Respondent unions and employers’ association claim “it is apparent that Local 1010 represented workers make up at least 30% of workers who do asphalt and concrete surfacing work” solely because the number of workers this union represents far exceeds the number petitioner Local 175 represents. (Kinach aff, exhibit B; aff of Francisco Fernandez f 7.) Yet Local 1010 admits it does not know the total number of nonunion workers or workers in unions other than petitioner and respondent unions engaged in asphalt and concrete surfacing work in New York City. (Id. ) Without that information or at least a showing that petitioner and respondent unions represent nearly all workers engaged in this work, any claim that a union represents at least 30% of workers in the trade is unsubstantiated.

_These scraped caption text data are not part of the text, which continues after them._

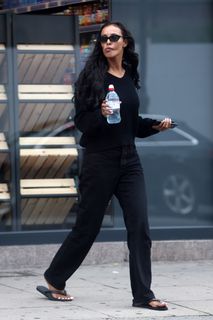 Maya Jama feet photo thumbnail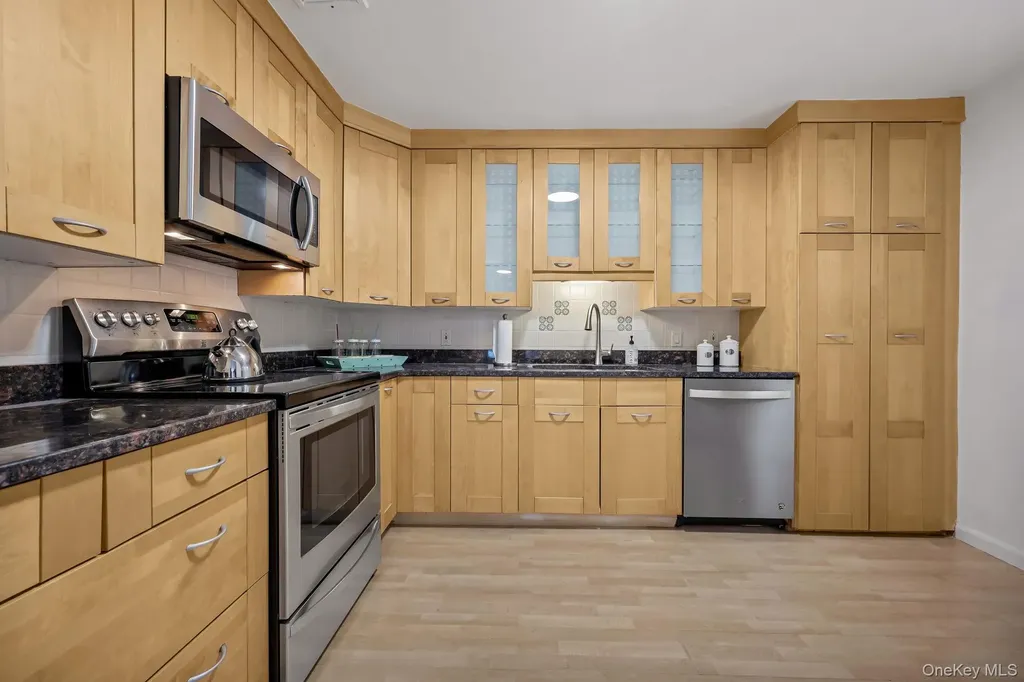 11 Pondview Close Chappaqua NY 10514
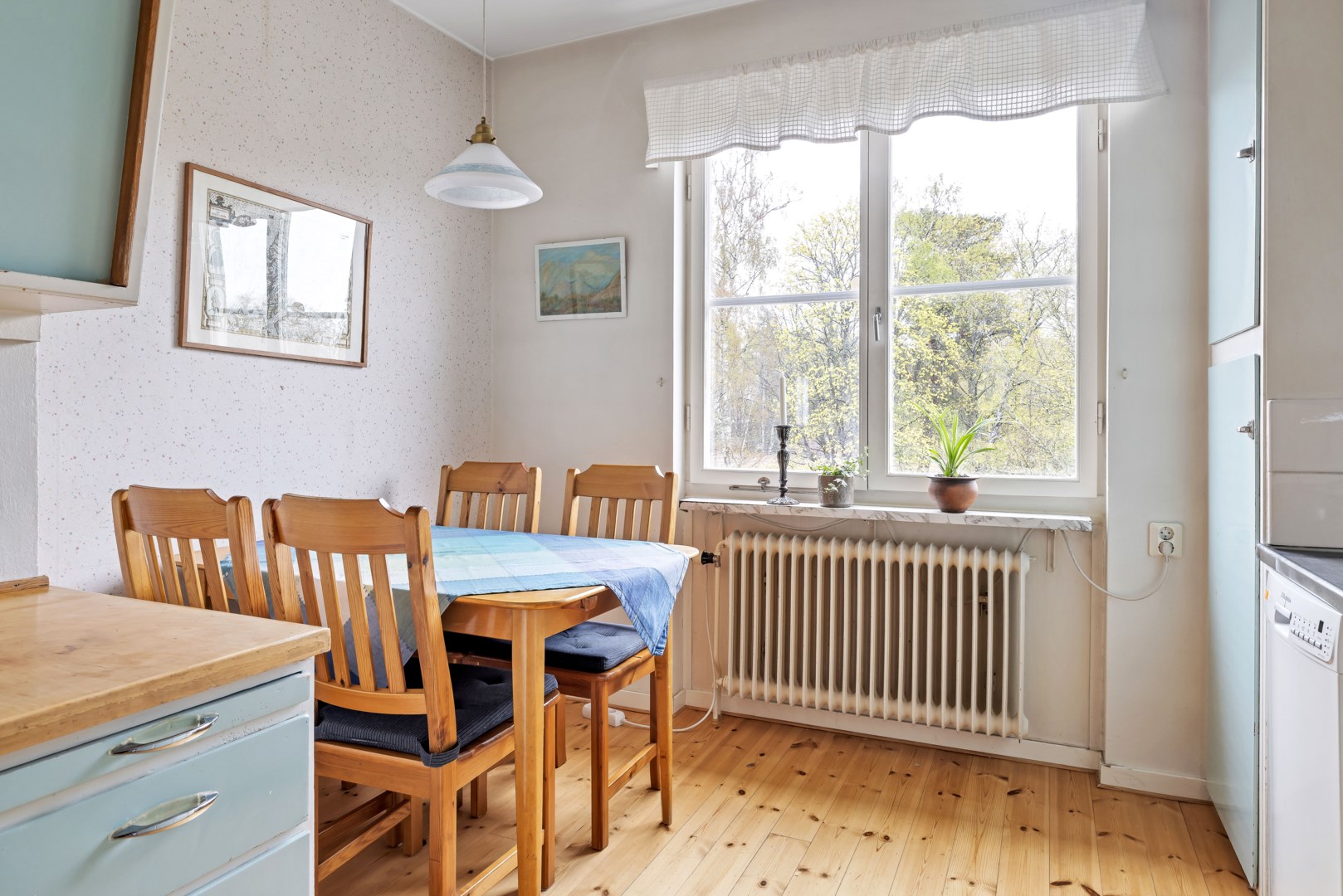 Bostadsbild från Svartbäcksgatan 96A, Såld i Tunabackar, Uppsala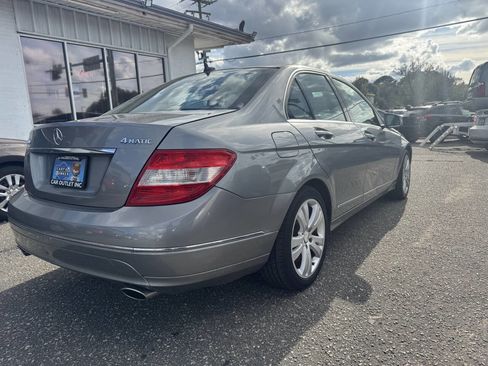 Used 2010 Mercedes-Benz C 300 4MATIC Sedan image 4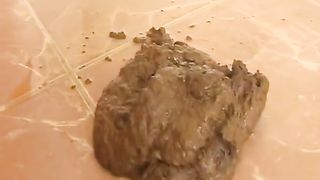 Russian babe did a mess between her butt cheeks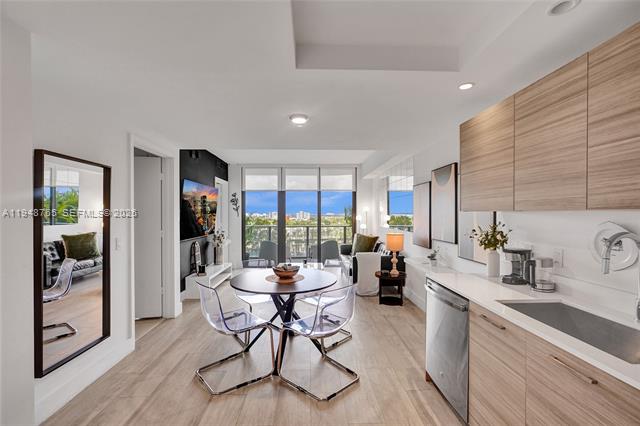 Midtown Miami Condo With Pool View Balcony photo 3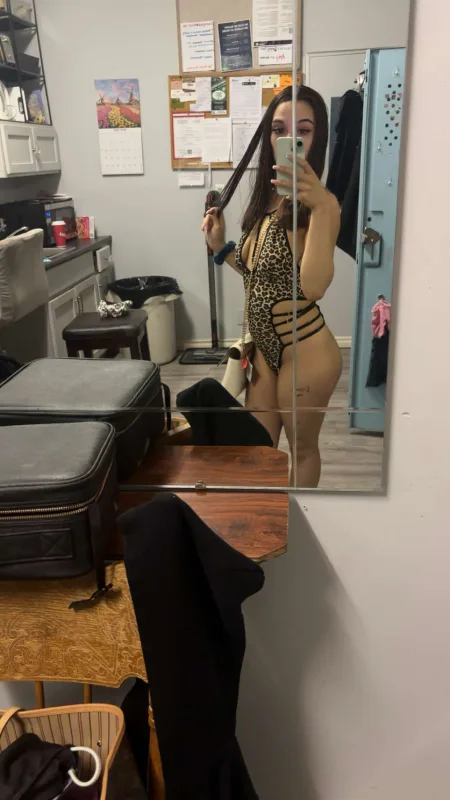 Hey im Rosa IM 100% REAL and PROFESSIONAL. - Photo 1 of 17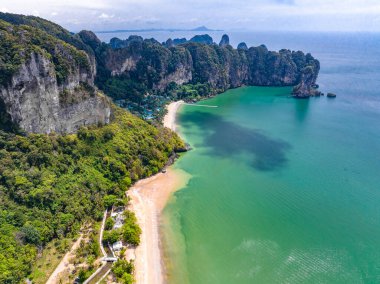 Tayland, Krabi 'deki Ao Nang Sahili' nin havadan görüntüsü.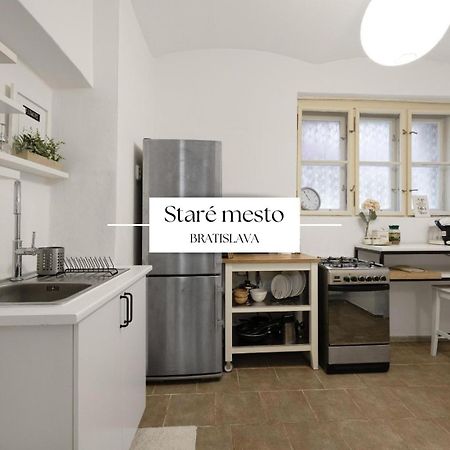 Stylish Historical Apartment + Backyard บราติสลาวา ภายนอก รูปภาพ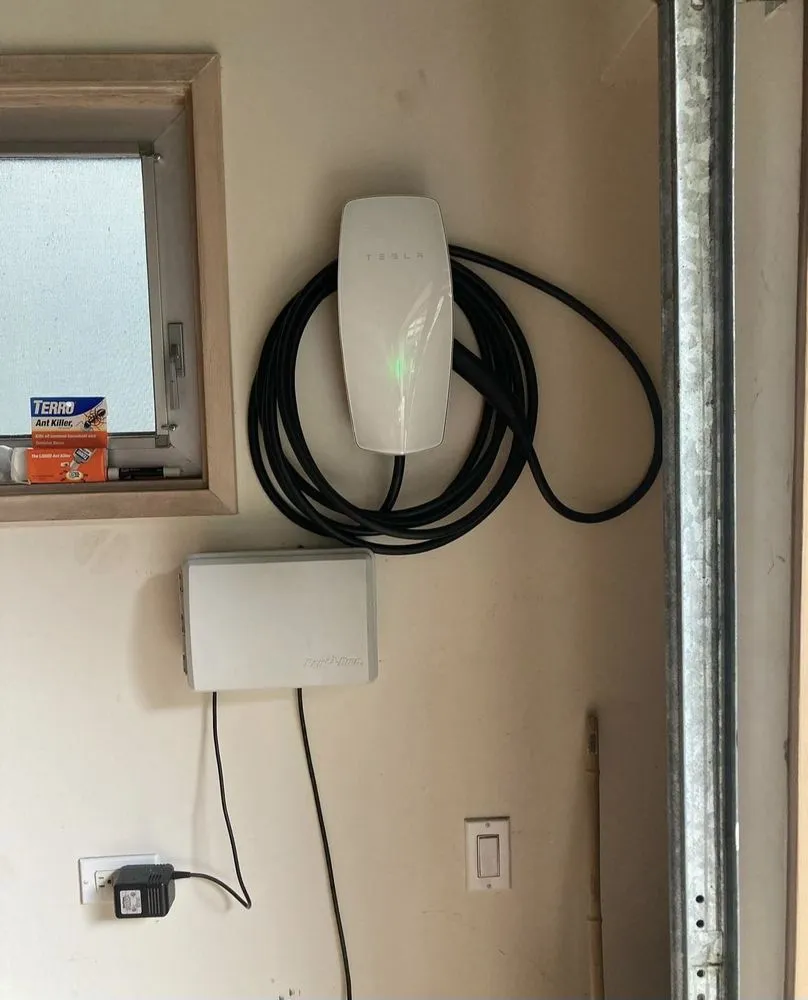 Professional outlet and switch repair experts serving , - Hawaii Electrical Source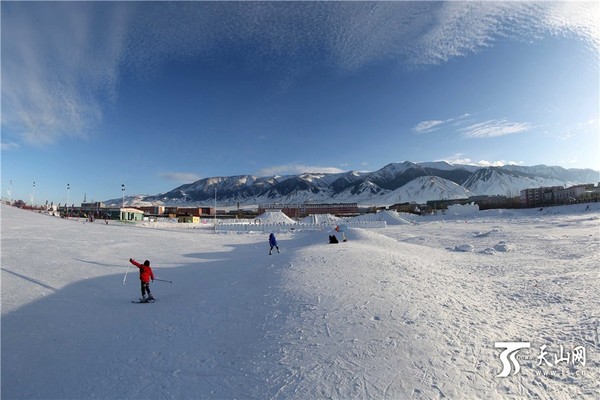　　2月24日，几名小朋友在新疆巴里坤县蒲类海滑雪场里游玩。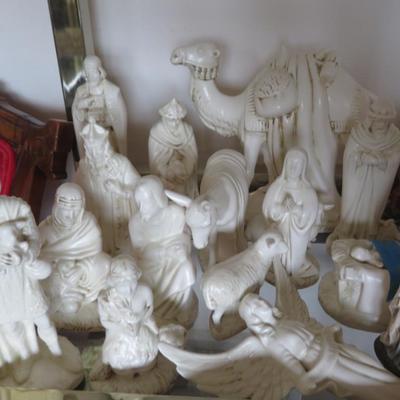 Nativity Scene - Group Lot - Some Broken Pieces. Please grade by photos.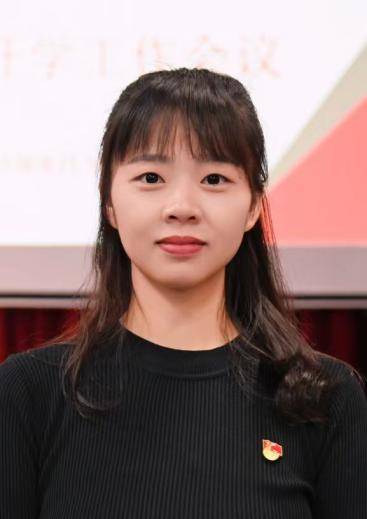“民兵方队中一眼就认出了她<strong></p>
<p>币本位</strong>，我们的陈老师！”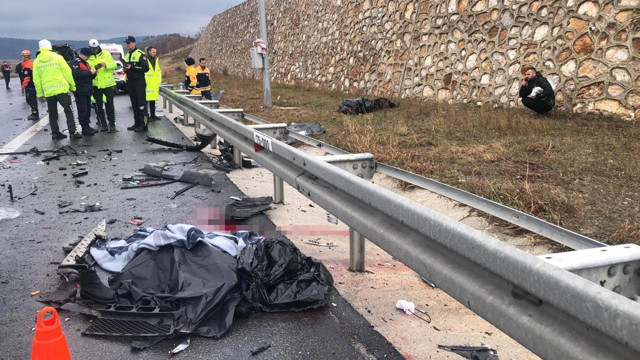 Bursa’da zincirleme trafik kazası: 4 ölü, 7 yaralı - Resim: 0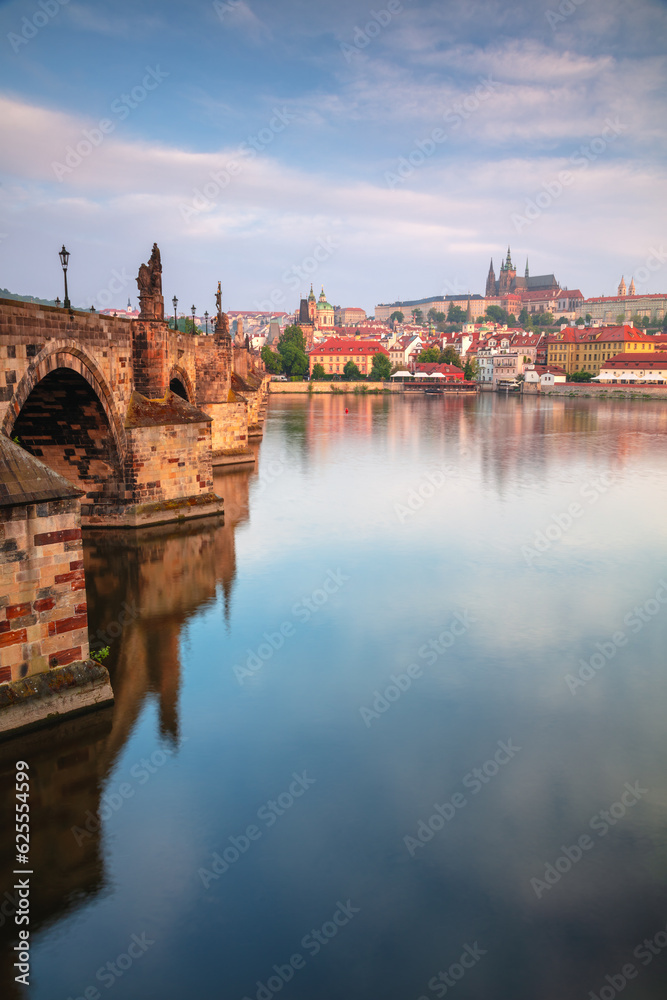 Obraz premium Prague, Czech Republic. Cityscape image of Prague, capital city of Czech Republic, with the iconic Charles Bridge at sunrise.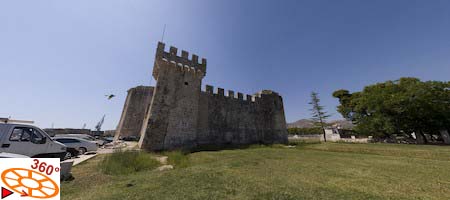 Celozaslonska prostorska slika - FULL SCREEN VR panorama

*492Whether a particular union predominates in total number of workers might be a corollary to, but is not direct evidence of, the union’s employee members meeting the 30% requirement. A union may represent at least 30% of workers in the paver and roadbuilder trade without being the predominant union in total number representing these workers in New York City. For the same reason, petitioner Local 175’s insistence that Local 175 represents more asphalt workers than Local 1010 does not require the Comptroller to adopt Local 175’s CBA as the prevailing wages for an asphalt paving trade classification. It may be that Local 1010 represented at least 30% of workers, whether under the prior trade classifications or under the current classification. As set forth above, however, absent any showing by respondents of the total number of workers engaged in paving and roadbuilding in this locality, respondents’ claim that GCA’s CBA with Local 1010 meets the 30% statutory mandate lacks support in this record and is therefore only speculative.

V. Disposition

For the reasons explained above, the court grants the petition to the extent of annulling respondent Comptroller’s trade classification of paver and roadbuilder-laborer and its prevailing wage schedule for the fiscal years 2010-2011, 2011-2012, and 2012-2013. The court remands the proceeding to the Comptroller to formulate a factually and rationally based trade classification and prevailing wage schedule that comports with Labor Law § 220 (5). (CPLR 7806.)